Here I am in India, flying from Delhi to Bangalore to Calcutta. I’m doing the research to update my India Business Checklists book, published in 2009 by John Wiley. I have the rights back, and plan an updated limited edition in 2013.
So, back to the flying. “Business class,” recommended a US-based friend. “It’s bad enough flying around India.”
It isn’t, at least so far. I flew Jetair, economy, from Delhi to Bangalore, and I have to say that economy in India is way better than business class in the US.
This was my experience:
Checking in was painless, and so was security. I didn’t have to remove my shoes or belt or go through x-rays or physical pat-downs; instead, a young woman ran a wand over me, and was done in a minute. I headed for my gate.

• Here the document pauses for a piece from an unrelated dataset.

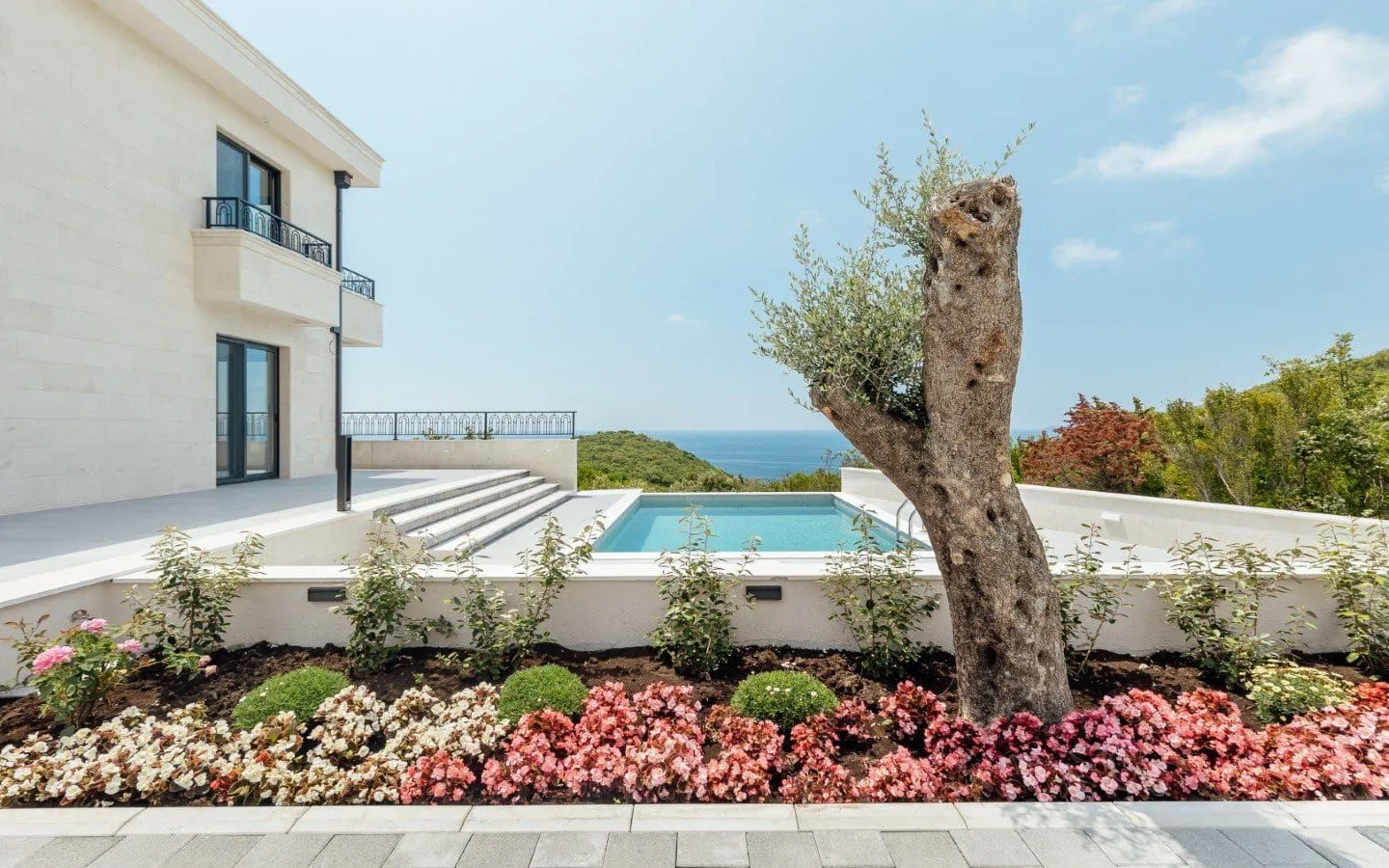 Sale, house, 318m², Reževići, Budva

Delhi airport’s new terminal is enormous, with too few travelators.
(Click here for Delhi Airport: The Good, the Bad and the Mucked Up – my report from a year ago.)
Still, walking is good for you, so I grumpily trekked all the way to Gate 51, in the distant suburbs of the airport, passing some rather depressing airport art – life-size statues that looked like they were cast in cheap resin.

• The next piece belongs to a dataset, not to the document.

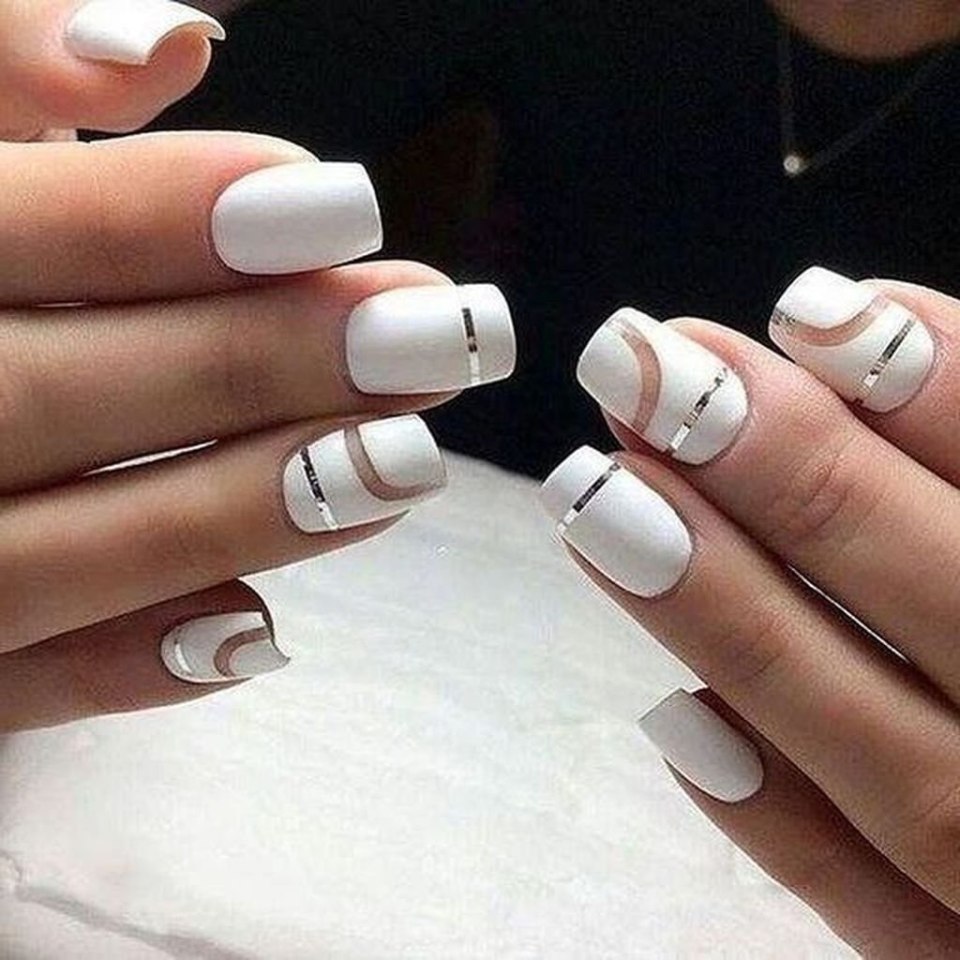 Белый маникюр с лунками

The gate had no shops nearby, but it did have a Pepsi vending machine. The same kind that spat out my rupee-notes the last time.
This time, it accepted the notes… but the packet stuck in the machine. I thumped the glass, nothing happened. Then I noticed the number to call blazoned on the top, so I pulled out my cellphone and called. Unlike last year, it was answered promptly. “I will send someone in five minutes,” they promised. I sat down to wait. Almost immediately, a small truck pulled up. (Yes, the airport is large enough that they have trucks trundling through the corridors.) Two men jumped out. One handed me the stuck package, the other checked the stacking so it wouldn’t happen again. Elapsed time, maybe 4 minutes. Kudos!
Significantly less grumpy, I boarded the flight. I had the window seat I’d requested. The middle seat was empty, and the gentleman in the aisle seat courteous. There was actual leg-room; even though the passenger in front of me had reclined his seat, I had space to move.
The flight was only a little over two hours, but they served a snack, with choices of vegetarian and non. It was catered by the Taj inflight kitchen. Given the Taj’s reputation, I expected the food to by hygienic and tasty, and I wasn’t disappointed. The flight attendants were solicitous, as though they actually wanted passengers to be pleased with the service.
At Bangalore airport, they didn’t have an air-bridge, but three coaches arrived in quick succession to ferry us to the terminal. My suitcase arrived soon after I did. I was approached by a number of people going “taxi, ma’am?” but I ignored them and made my way to a taxi queue being ably managed by a young man in uniform. The taxi knew where to find my address, and 90 minutes later, I was home. (Bangalore airport seems to have been inspired by Narita or something… it’s practically in another city.)
So: I get the impression that India’s rebooted air travel to version 2.0, the better one than the current US version 3.0 that includes intrusive security, junk-food for purchase on-board, harried attendants, and overbooked flights.
Yes. Flying economy in India is way better than flying business in the US.